More than 50 percent of all Catholics in the United States under age 25 are of Hispanic heritage, according to the U.S. Conference of Catholic Bishops, which also notes that Hispanics have contributed 71 percent of the growth of the Catholic Church in the United States since 1960.

 Although the final tally is not yet in, the 2010 Census has counted almost 600,000 more Hispanics than the Census Bureau had estimated in the 33 states for which data have been released so far.

“No tradition has been more impacted in recent years than the Catholic Church, which has become more Latino,” reports a study by Trinity College in Hartford, Connecticut. Without Hispanic immigration, “Catholicism would have lost, rather than maintained” members, according to the study.

Other denominations are also being impacted. America’s largest Assemblies of God congregation is Hispanic — the 11,000-member New Life Covenant Church in Chicago.

One prominent evangelical believes Hispanics will be the “lifeguards for Christianity in America in the 21st century.” The Rev. Samuel Rodriguez, president of the National Hispanic Christian Leadership Conference, made the comment to the Christian Post after the release of the latest U.S. Census Bureau report. The Bureau says that Hispanic population growth accounted for over half of the 27.3 million increase in the total U.S. population and that there has been a 43 percent increase in the Hispanic population since 2000, The Hispanic population now totals 50.5 million, or roughly 1 in 6 Americans. On the other hand, the non-Hispanic population grew only about 5 percent.
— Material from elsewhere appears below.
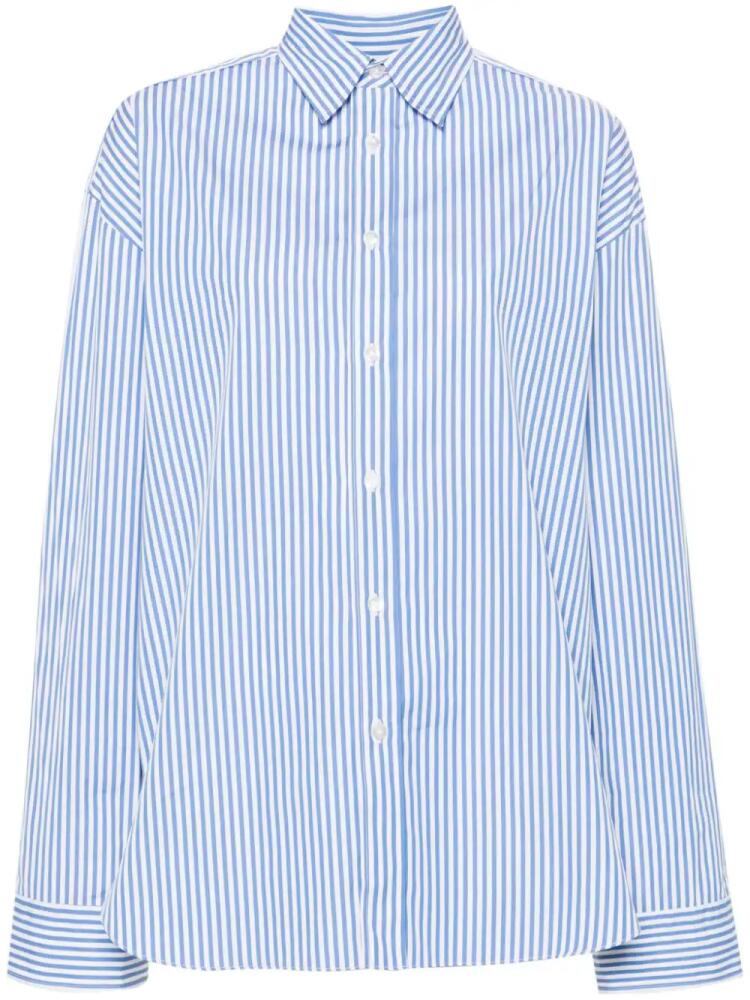 Finamore 1925 Napoli striped cotton shirt - Blue Cover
The change is forcing traditional churches to expand their outreach into the Hispanic communities, said Rodriguez. “Previously, the Anglo-Saxon church was able to survive by reaching out exclusively to its own people, but now it can no longer do so.”

He noted that much of the growth in the Southern Baptist Convention, the Assemblies of God, Churches of God and the United Methodist Church has come through Hispanics. Rodriguez predicted that Hispanics will help revive the evangelical Christian movement in the United States.

“The future growth of the evangelical church in America will come from blended congregations,” said local pastor Nestor Rivera, who leads a 100-member Southern Baptist congregation in rural Arkansas. He said his church’s growth has come largely from second-generation Hispanics who speak both English and Spanish at home. Many are blended families — one Hispanic parent and one Anglo.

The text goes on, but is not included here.